## Dataset section
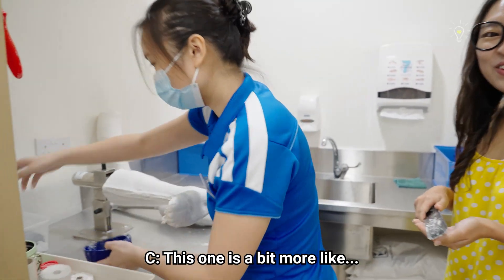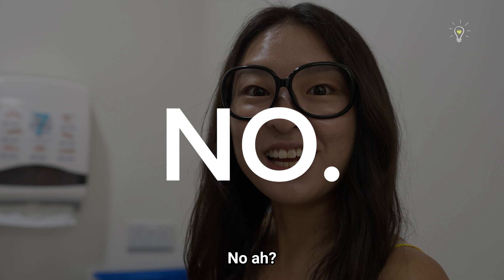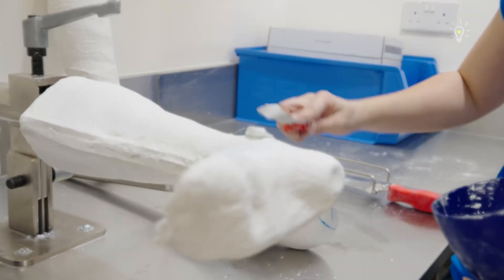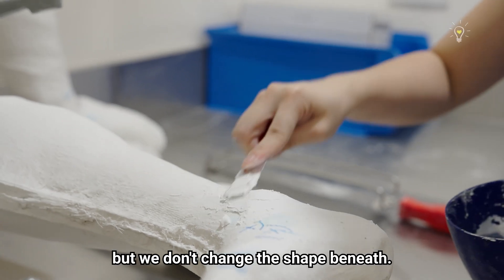This is a bit more like — do you bake? Once in a while. So you want to add it on in a dome shape. Now it's a bigger version of what it was before, but we don't change the shape beneath.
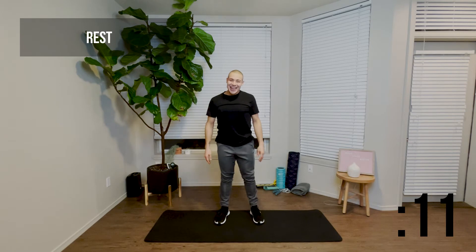Focus on that before you speed it up. Great job — we're halfway through this exercise. You're doing great. Go ahead and take another 15 second rest, and we're going to get right back into another 30 seconds of jumping jacks.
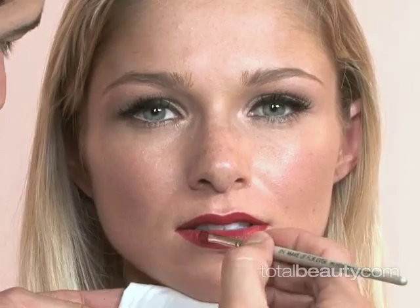I finish the look off with a deep red lipstick. Finish the lips with just a quick blot to pick up the excess, and you're done.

## Work instruction
Would you return the material above exactly, apart from its pictures?

## Response area
This is a bit more like — do you bake? Once in a while. So you want to add it on in a dome shape. Now it's a bigger version of what it was before, but we don't change the shape beneath.
Focus on that before you speed it up. Great job — we're halfway through this exercise. You're doing great. Go ahead and take another 15 second rest, and we're going to get right back into another 30 seconds of jumping jacks.
I finish the look off with a deep red lipstick. Finish the lips with just a quick blot to pick up the excess, and you're done.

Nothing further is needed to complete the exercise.